Hacker News new | ask | show | jobs
by Piskvorrr 366 days ago
Once you start taxatively naming "these are the Only Blessed Ranges," you'll be bitten by the usual brouhaha "email address ends with .[a-z]{2,3}". We all know how it went, and ".[a-z]{2,4}" didn't cut it, either, not even in 2000.
1 comments

To add to the complexity, not all Chinese characters in use for names are representable in unicode. Perhaps at some point legal institutions must just define what the list of characters is that people can have as part of their name as listed on documentation. This reminds me of that 'what programmers believe about names' article from a while back.
If so, I think they would just need to be added to Unicode. Do you have an estimate how many are missing?
I as an interested bystander estimate it in the order of 10⁵. Email Ken Lunde for better insights.

Note that GP claimed "not representable" (not "not represented"). Based on what I know, that claim feels quite wrong.

> not all Chinese characters in use for names are representable in unicode

Why? How do you come to this conclusion?

Han unification[1] prevents the representation of all Chinese characters. There are multiple languages that use Chinese characters, but they don't all use the same characters. Unicode decided to only use Han Chinese characters, so names using other sorts of Chinese characters can't be written with Unicode. The Han "equivalent" characters can be used, but that looks weird.

Think of it as though Unicode decided that the letter "m" wasn't needed to write English text, since you can just write "rn" and it'll be close enough. Someone named "James" might want to have their name spelled correctly instead of "Jarnes", but that wouldn't be possible. Han unification did essentially this.

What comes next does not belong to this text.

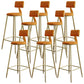 Nordic Armless Backrest Counter Stool Iron Dining Room Bar Stool with Cushion and Pedal Orange 8 Piece Set Clearhalo 'Bar Furniture' 'Bar Stools' 'bar_stools' 'furn' 'furn_bar_stools' 'Furniture' 'furniture_bar_stools' 'Kitchen & Dining Furniture' 5032149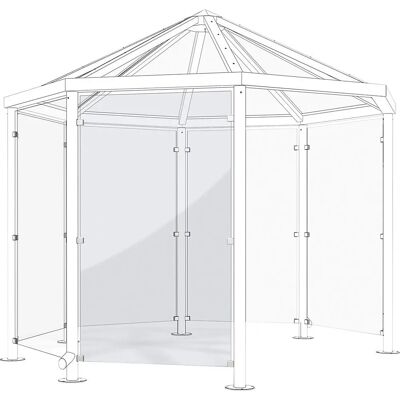 Kaiserkraft Pavillon-Glas-Sicherheitswand - Pavillon-Überdachung Kaiserkraft Pavillon-Glas-Sicherheitswand - Pavillon-Überdachung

[1] https://en.wikipedia.org/wiki/Han_unification

I feel it's unlikely that this the explanation for what GGP had in mind. I postulate that names characters usually have no variants, thus do not undergo unification, or where there are variants, they are already encoded as Z variants, so the contention is also moot.

Prove me wrong with a counter-example.

𫟈 is U+2B7C8 "CJK Unified Ideo­graph- 2B7C8". 𛁻 is U+1B07B "Hentaigana Letter To-5".

Both character fall into the first category I mentioned, no variants.